Cross-cutting model classes, architectural families and meta-techniques that appear across multiple learning paradigms (supervised / unsupervised / self-supervised / reinforcement / semi-supervised).

Linear / Parametric Family (classical, interpretable, fast baseline)

Linear Models / Generalized Linear Models (GLMs) – Family of models where prediction is a linear combination of features (weighted sum + bias) possibly transformed by a link function; includes ordinary linear regression, logistic regression, ridge/lasso/elastic net regularization, Poisson/gamma regression, etc.; very interpretable coefficients, fast training/inference, strong baseline on many problems; assumes linear relationships (or linear after link); foundation for many extensions (e.g. single-layer perceptron → neural nets); scikit-learn groups them under linear_model module.

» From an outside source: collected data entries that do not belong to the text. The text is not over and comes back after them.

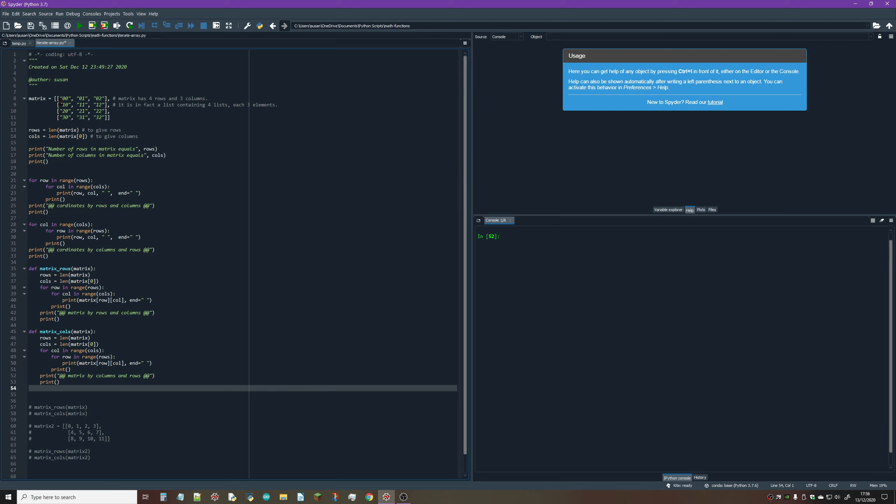So it's a list containing four lists of three elements each. Each element I've used as a text string to show its actual coordinate. If we look at the first element, it's in row zero column zero.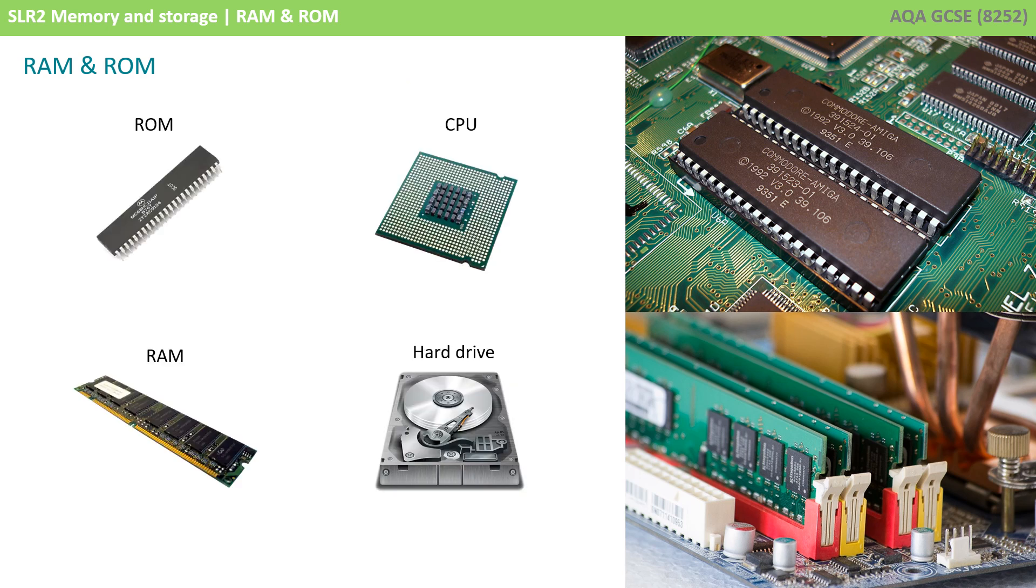Here we see four important internal components of a computer system: ROM, the CPU, RAM and a hard drive. When your computer very first turns on and receives power, there are no instructions in the CPU. What it needs to do is load the operating system so you can start using it.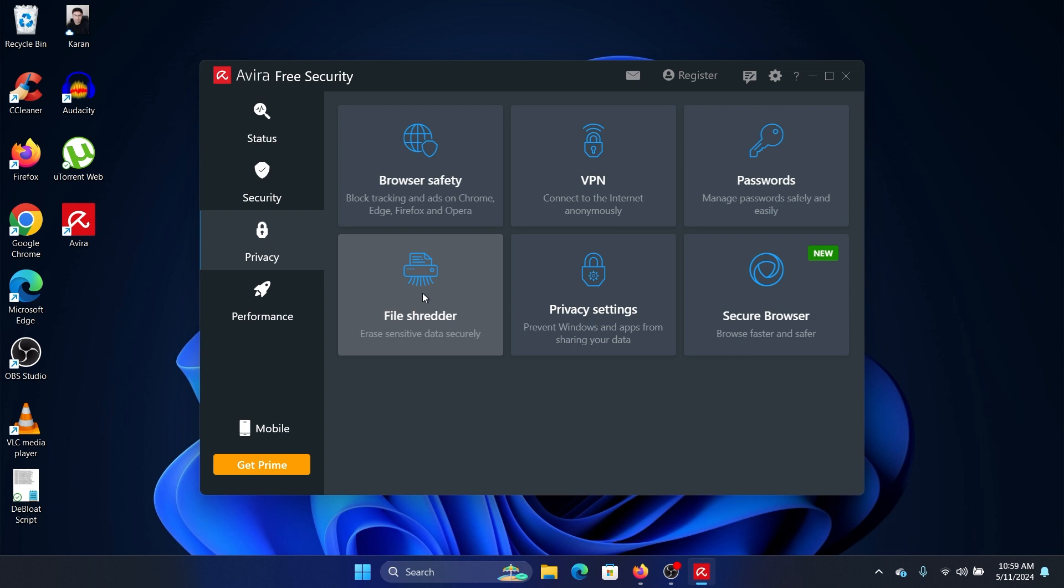Then you can also add privacy settings to your apps and Windows itself.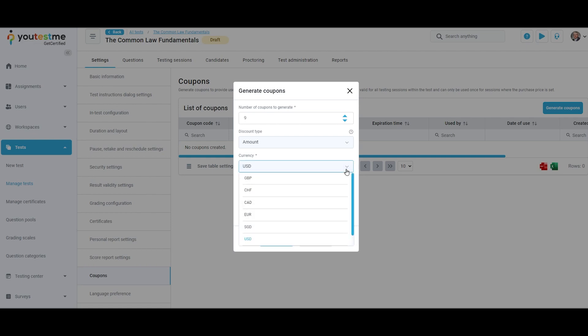Choose the currency if the coupon discount type is amount. Enter the coupon discount amount.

Neural / Connectionist Family (dominant general-purpose paradigm)

Neural Networks – Universal function approximators built from layered artificial neurons with learnable weights and non-linear activations; trained via backpropagation and gradient descent; capable of hierarchical feature learning; backbone of almost all state-of-the-art performance on high-dimensional / perceptual data (images, audio, text, video, multimodal); includes shallow MLPs, deep architectures and virtually all modern specialized nets.
Deep Learning – Multi-layer neural networks (typically >3–5 hidden layers); the scalable, data-hungry, compute-intensive subset of neural networks that became dominant after 2012; automatic representation learning at multiple levels of abstraction; currently the most powerful and most widely deployed family across nearly every ML domain.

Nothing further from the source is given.